Well, I just got the phone call from my friend. She is contacting the "true" owner of Abba, and confirming - but she said I can pretty well say that he is mine!!! :leap: :clap: :stars: :leap: :clap: :stars: :wahoo: :wahoo:

You have NOOOO idea how happy I am right now.

So, it looks like January 10th, this boy should be joining the ranch. I am so excited to own a Ceasars Villa. I can not believe I will have of my very own!!!

So now to work him into the breeding schedule. I think I can safely say, I will not be pairing ANY one else up except the Boer girls if needed. Then I will pull blood the first of Jan on anyone who is not confirmed pregnant and then create a new breeding plan for the ones who are not bred.

Oh I am just so excited.

She said that I should have the final confirmation in a couple days if not earlier - but that I can pretty safely say he is mine!!!! Woo Hoo!!!! I can't wait to start my "show" career with him!!!


----------



## Laurel_Haven (Oct 20, 2007)

*Re: New buck in my future???*

Congrats! I just sent you a Pm before I read this. So go read it! :wink: I think you will find it very interesting. :thumbup:


----------



## StaceyRosado (Oct 5, 2007)

ooops sorry i get people mixed up all the time  


Sarah even on those guy's there is some brown and it is quite easy to see it. But not on the buck Allison posted.


----------



## SDK (Jun 26, 2008)

loki is solid black on his back except for his moonspots and white spot. his coloring is almost identical to ABBA. just saying every buckskin buck i've seen has slowly progressed to all black


----------



## KW Farms (Jun 21, 2008)

Congrats Allison! That is awesome! You should get some nice kids out of him!!! Keep us posted!


----------



## HollowbeadRanch (Oct 5, 2007)

(can't believe I missed this thread :roll: ) Congrats Allison!!! I think he is a GORGEOUS buck!!!! Sundgau and buckskins are my two fav color patterns!!! He is a REALLY nice buck!

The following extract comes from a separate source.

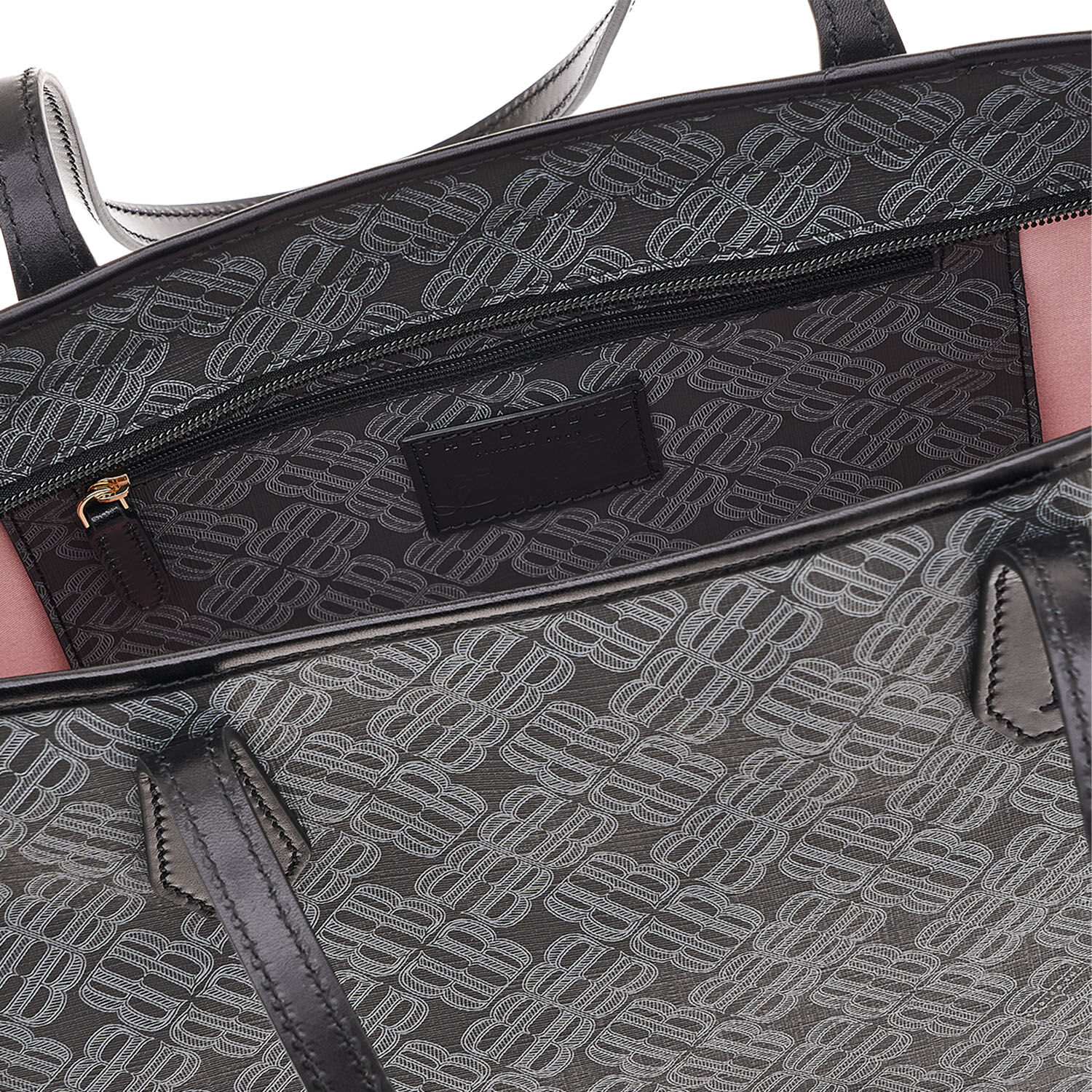 The Bridge Anna Leder-Shopper 38cm Sand/Gold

We require PLENTY of new pics as soon as you get him home!!! :wink:



StaceyRoop said:


> Handsome fellow. Not sure if I would call that buckskin though :?
> 
> according to my nigerian color genetics site he is a Sundgau.
> 
> ...


In the pic he does look to me to be a Sundgau... but ALOT of people call a Sundgau a full cape Buckskin, so I guess it just depends on who you are :shrug: But also... he does look to have a hefty winter coat on, so it is VERY possible that he is a little lighter under there when he is shaved or sheds off for Spring. Do you have any shaved/shed pics of him Allison??

Regardless, he is a VERY handsome Buck and I am VERY excited that you are getting him :leap: :leap:


----------



## Laurel_Haven (Oct 20, 2007)

Yep it's odd how they can change colors so drastically... from a buckskin to a sundgau.

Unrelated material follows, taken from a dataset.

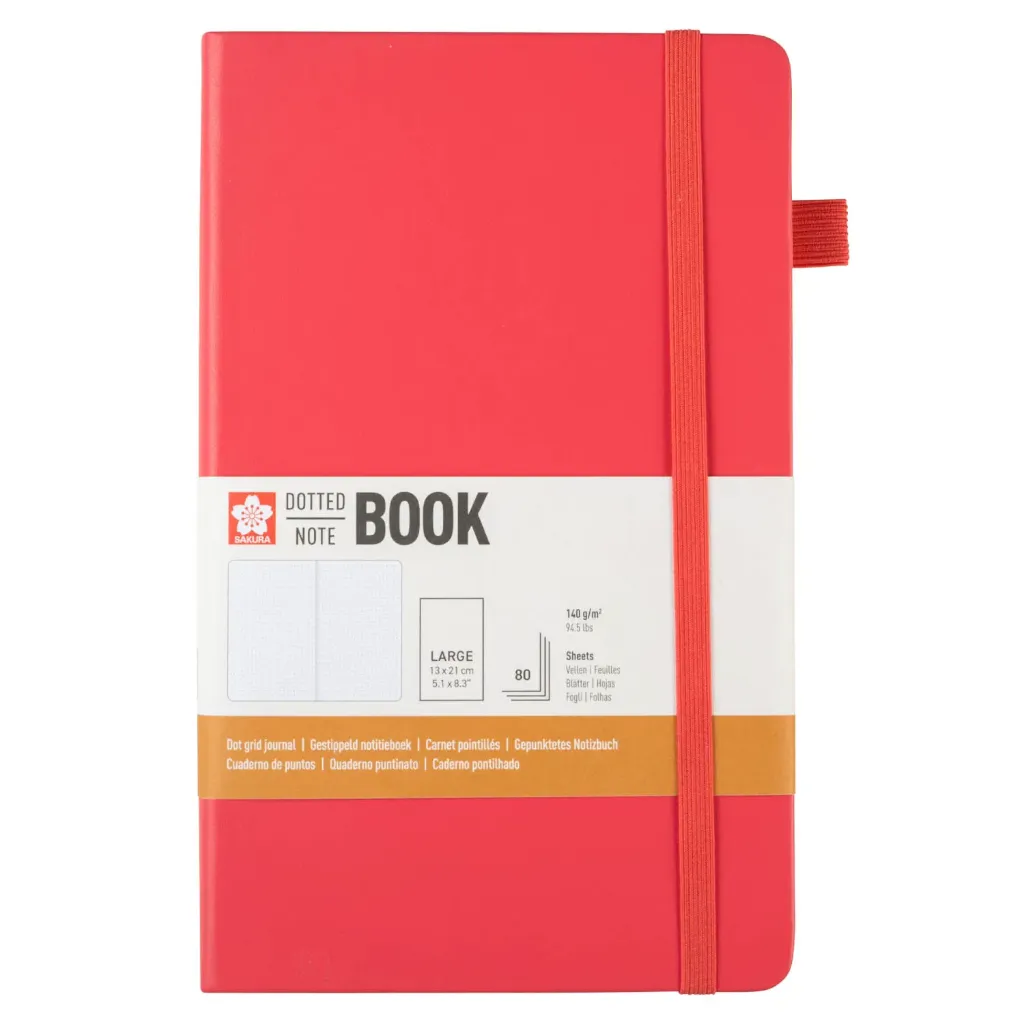 Libreta Sketchbook Sakura Hoja Crema con Puntos 13x21cm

I had two does that did that...

Here is Rhinestone as a baby... clearly a buckskin.









and then again at 4 months old... looks more sundgua doesn't she. Hard to believe it is the same doe.









And then Eazy as a baby... even a lighter shade buckskin than Rhinestone was.









And her after changing her color... although you can see stil see a bit of brown on her side. I am thinking once clipped the brown may be more pronounced. Or she could continue getting darker. :shrug:


----------



## StaceyRosado (Oct 5, 2007)

oo I love Rinestone! how beautiful.

So are they buckskins or sundgau because not all buckskins change color obviously. You wouldnt know when they are born if they will change though. So will they throw buckskins? :scratch:


----------



## Laurel_Haven (Oct 20, 2007)

Now I am not certain of this... but I think they must be born with the full Sundgau color pattern to be classified as Sundgua. Otherwise they are buckskin if they look like this at birth.
Now both of these goats I have shown above were recorded as buckskin. As that is the pattern they were born with, and more than likely they still have that underlying buckskin pattern underneath. So yes, I would figure thay would throw buckskin offspring.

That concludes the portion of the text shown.